Я вытащил на свет божий живую чековую книжку. Мне выдали ее полтора года назад в банке, но я так и не успел воспользоваться ни одним из чеков. Книжка была девственно чистой и со множеством печатей, которые я успел в нее наставить от нечего делать. Почему я эту бумаженцию пропустил, когда чистил карманы перед полетом — я не знаю, но теперь мне это оказалось совершенно кстати. Это сейчас, по прошествии целого года жизни, во мне выросла уверенность, что ничего и никогда не делается просто так, по воле случая. Во всем есть своя предопределенность. И когда я, стоя на мосту имени Патона, выбрасывал в урну одну за другой ненужные мне уже вещи, я пропустил карман с чековой книжкой не совершенно случайно, а потому, что встреча моя была предопределена уже, и кто-то в книге судьбы начертал неторопливые строки о возможности выбора. Опять же, не считайте меня фаталистом. Выбор: вниз или нет, все равно оставался за мной. Но если бы не было предопределено, то и не было бы выбора. Ведь так?
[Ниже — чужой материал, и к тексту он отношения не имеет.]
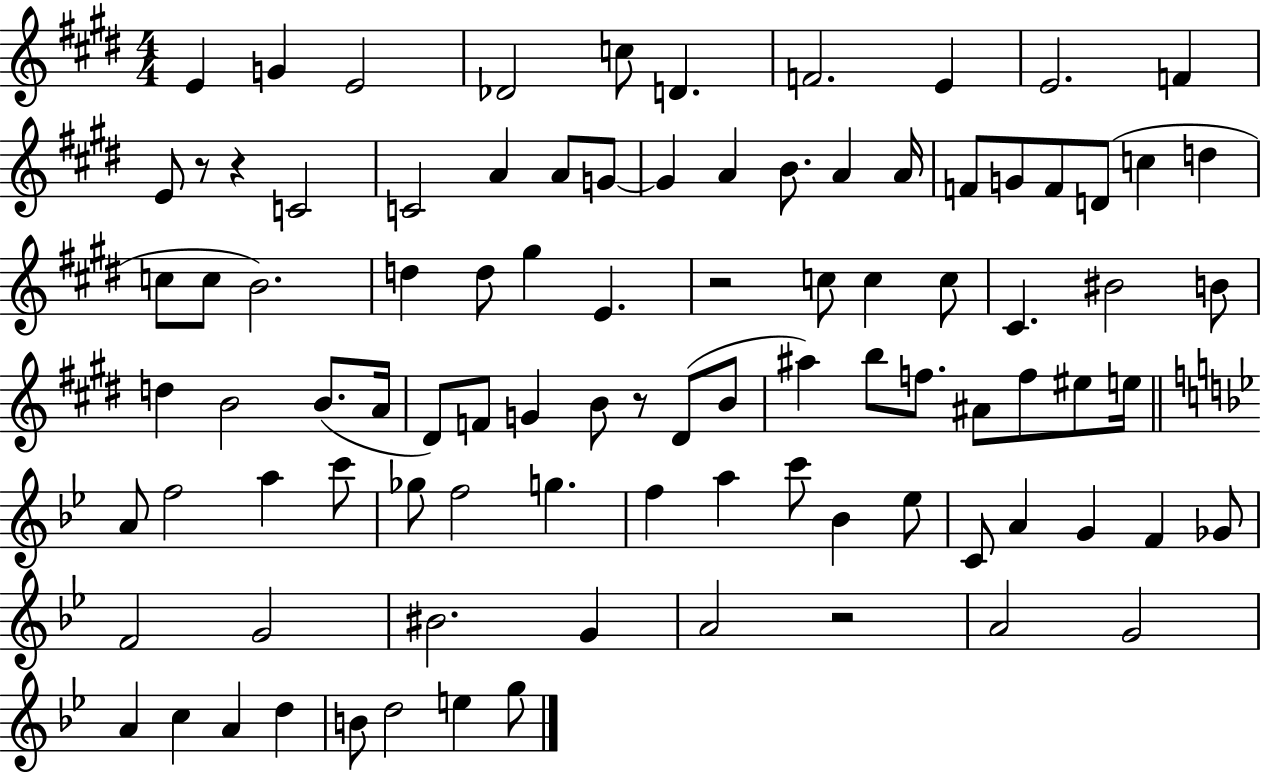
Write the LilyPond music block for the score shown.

{
  \clef treble
  \numericTimeSignature
  \time 4/4
  \key e \major
  e'4 g'4 e'2 | des'2 c''8 d'4. | f'2. e'4 | e'2. f'4 | \break e'8 r8 r4 c'2 | c'2 a'4 a'8 g'8~~ | g'4 a'4 b'8. a'4 a'16 | f'8 g'8 f'8 d'8( c''4 d''4 | \break c''8 c''8 b'2.) | d''4 d''8 gis''4 e'4. | r2 c''8 c''4 c''8 | cis'4. bis'2 b'8 | \break d''4 b'2 b'8.( a'16 | dis'8) f'8 g'4 b'8 r8 dis'8( b'8 | ais''4) b''8 f''8. ais'8 f''8 eis''8 e''16 | \bar "||" \break \key g \minor a'8 f''2 a''4 c'''8 | ges''8 f''2 g''4. | f''4 a''4 c'''8 bes'4 ees''8 | c'8 a'4 g'4 f'4 ges'8 | \break f'2 g'2 | bis'2. g'4 | a'2 r2 | a'2 g'2 | \break a'4 c''4 a'4 d''4 | b'8 d''2 e''4 g''8 | \bar "|."
}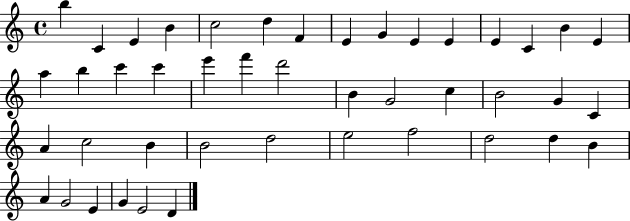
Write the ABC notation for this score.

X:1
T:Untitled
M:4/4
L:1/4
K:C
b C E B c2 d F E G E E E C B E a b c' c' e' f' d'2 B G2 c B2 G C A c2 B B2 d2 e2 f2 d2 d B A G2 E G E2 D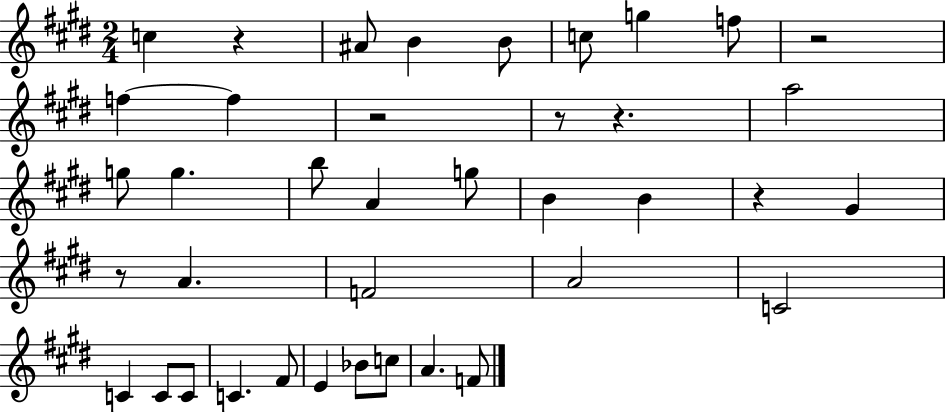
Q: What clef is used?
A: treble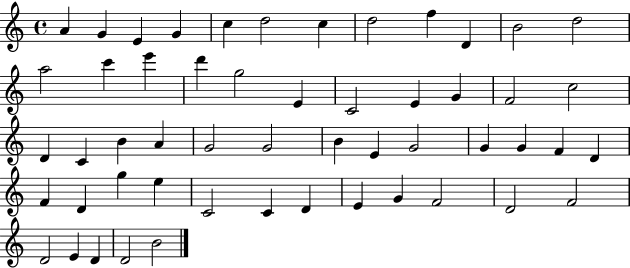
X:1
T:Untitled
M:4/4
L:1/4
K:C
A G E G c d2 c d2 f D B2 d2 a2 c' e' d' g2 E C2 E G F2 c2 D C B A G2 G2 B E G2 G G F D F D g e C2 C D E G F2 D2 F2 D2 E D D2 B2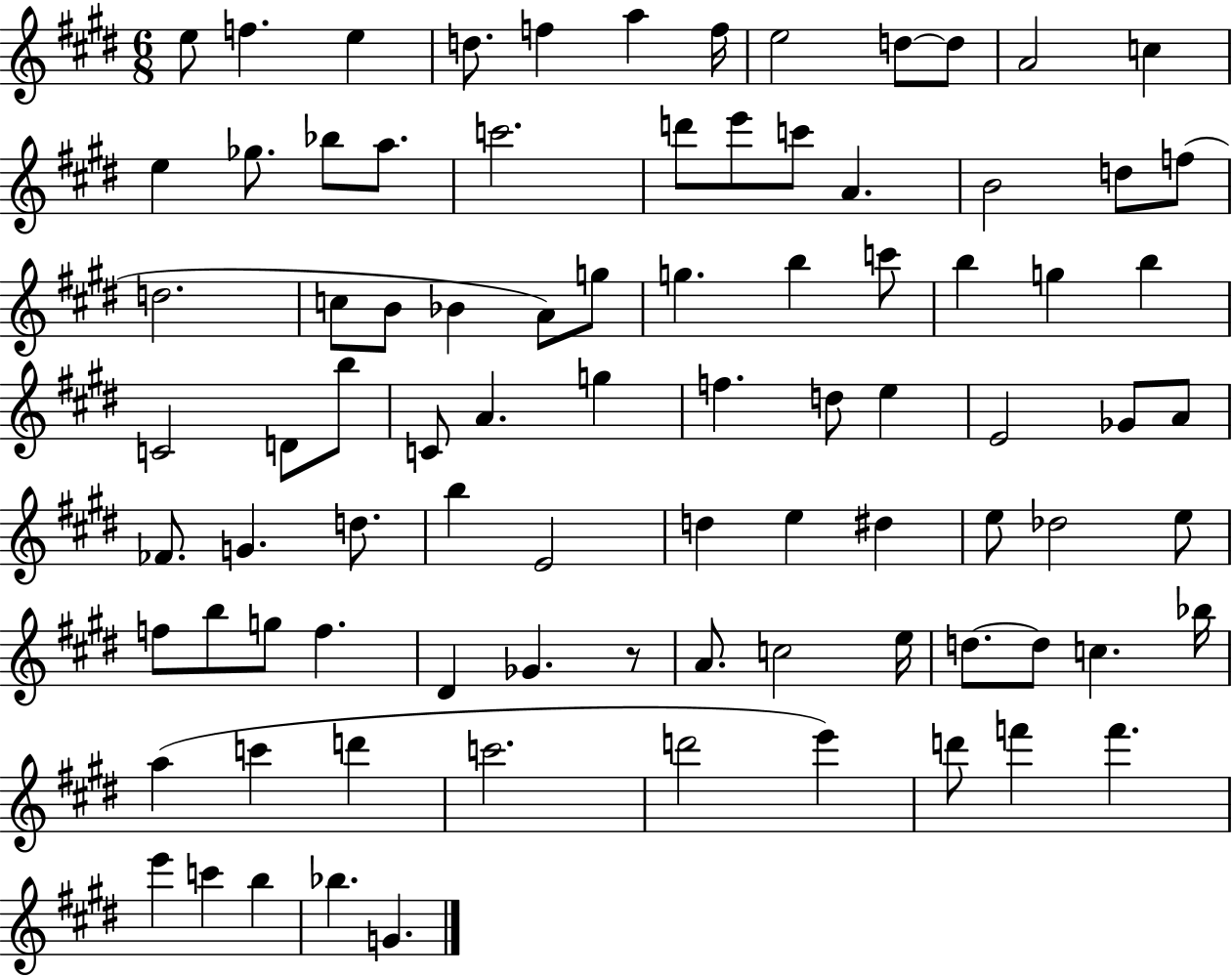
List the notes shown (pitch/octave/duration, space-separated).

E5/e F5/q. E5/q D5/e. F5/q A5/q F5/s E5/h D5/e D5/e A4/h C5/q E5/q Gb5/e. Bb5/e A5/e. C6/h. D6/e E6/e C6/e A4/q. B4/h D5/e F5/e D5/h. C5/e B4/e Bb4/q A4/e G5/e G5/q. B5/q C6/e B5/q G5/q B5/q C4/h D4/e B5/e C4/e A4/q. G5/q F5/q. D5/e E5/q E4/h Gb4/e A4/e FES4/e. G4/q. D5/e. B5/q E4/h D5/q E5/q D#5/q E5/e Db5/h E5/e F5/e B5/e G5/e F5/q. D#4/q Gb4/q. R/e A4/e. C5/h E5/s D5/e. D5/e C5/q. Bb5/s A5/q C6/q D6/q C6/h. D6/h E6/q D6/e F6/q F6/q. E6/q C6/q B5/q Bb5/q. G4/q.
Мне снова захотелось курить. Захотелось курить так, как не хотелось с самой молодости. Перед замужеством (этот термин подходит для моего брака более, нежели женитьба), я курить бросил. Мне было это нелегко. Но сейчас мне захотелось так курить, что сил сдержаться просто не было. Точно как тогда, на крыше, когда я курил толстую Гавану и понимал, что это последнее наслаждение в моей жизни. Вот оно, начало начал… Ладно! Надо отписаться и тогда… Нет, я не буду откладывать обещанное, моему организму смертельно тоскливо хочется курить — значит, он получит свое курево, будь я неладен.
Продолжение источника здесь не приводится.